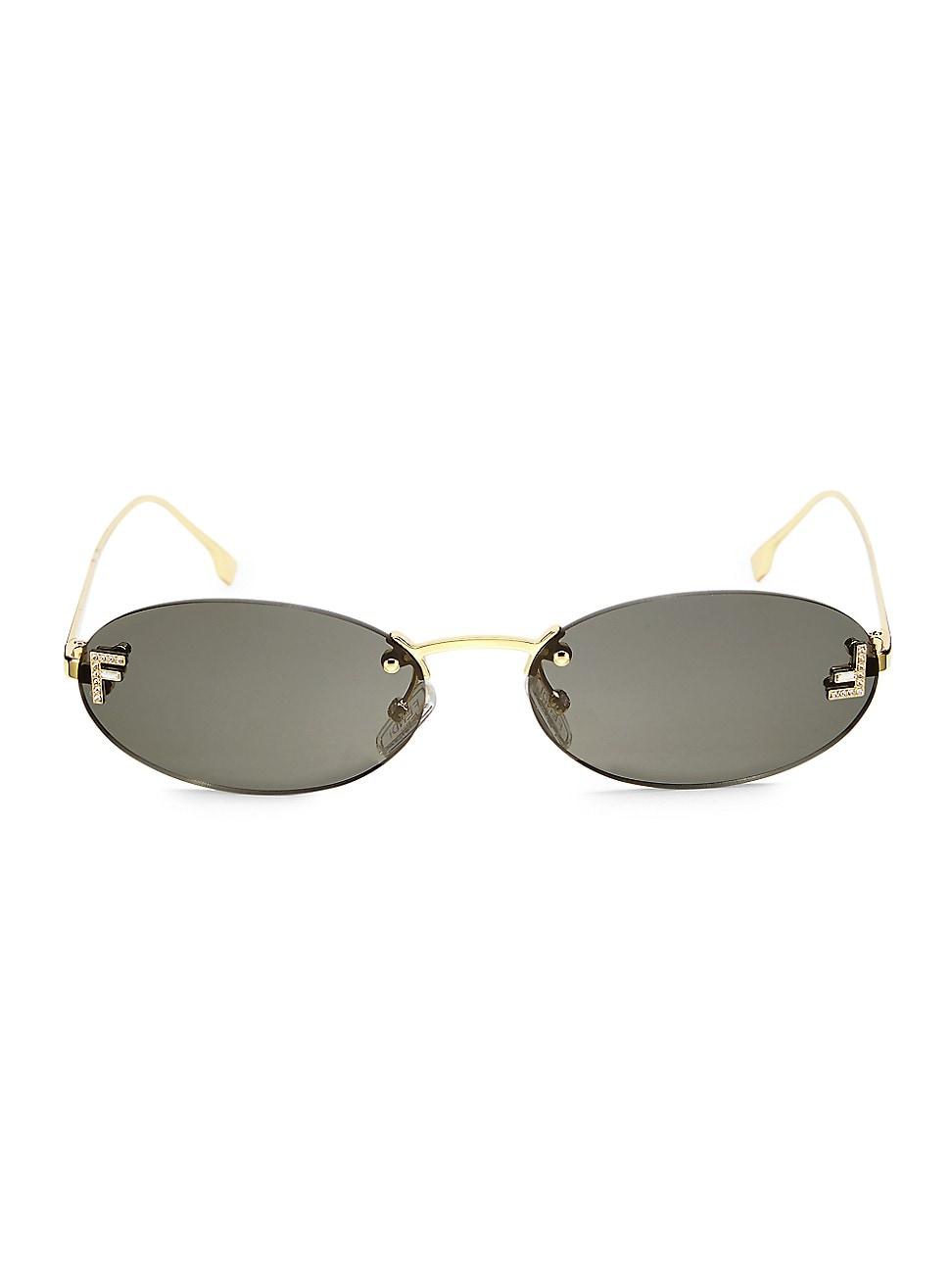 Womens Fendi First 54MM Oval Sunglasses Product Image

■ ■ ■ ■

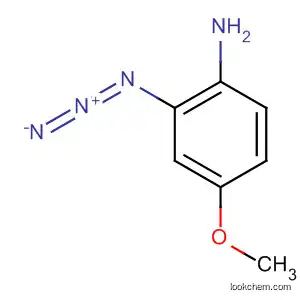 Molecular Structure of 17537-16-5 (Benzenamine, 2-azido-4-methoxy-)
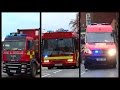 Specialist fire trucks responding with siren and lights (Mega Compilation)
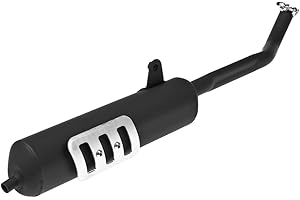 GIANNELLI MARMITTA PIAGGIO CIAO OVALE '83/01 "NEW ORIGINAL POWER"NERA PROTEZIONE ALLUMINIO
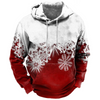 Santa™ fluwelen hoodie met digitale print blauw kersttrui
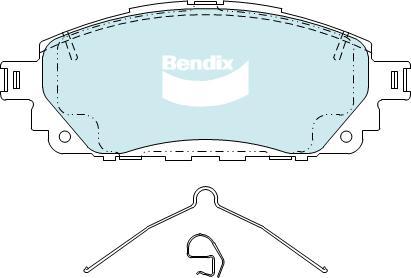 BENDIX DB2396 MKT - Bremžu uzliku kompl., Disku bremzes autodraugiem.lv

■ ■ ■ ■

## Requirement
Taking the records above, print only and exactly the lines from the line with "Molecular Structure of" to the line with "BENDIX DB2396 MKT", both kept, and exclude pictures.

## Exercise result
 Molecular Structure of 17537-16-5 (Benzenamine, 2-azido-4-methoxy-)
 Specialist fire trucks responding with siren and lights (Mega Compilation)
 GIANNELLI MARMITTA PIAGGIO CIAO OVALE '83/01 "NEW ORIGINAL POWER"NERA PROTEZIONE ALLUMINIO
 Santa™ fluwelen hoodie met digitale print blauw kersttrui
 BENDIX DB2396 MKT - Bremžu uzliku kompl., Disku bremzes autodraugiem.lv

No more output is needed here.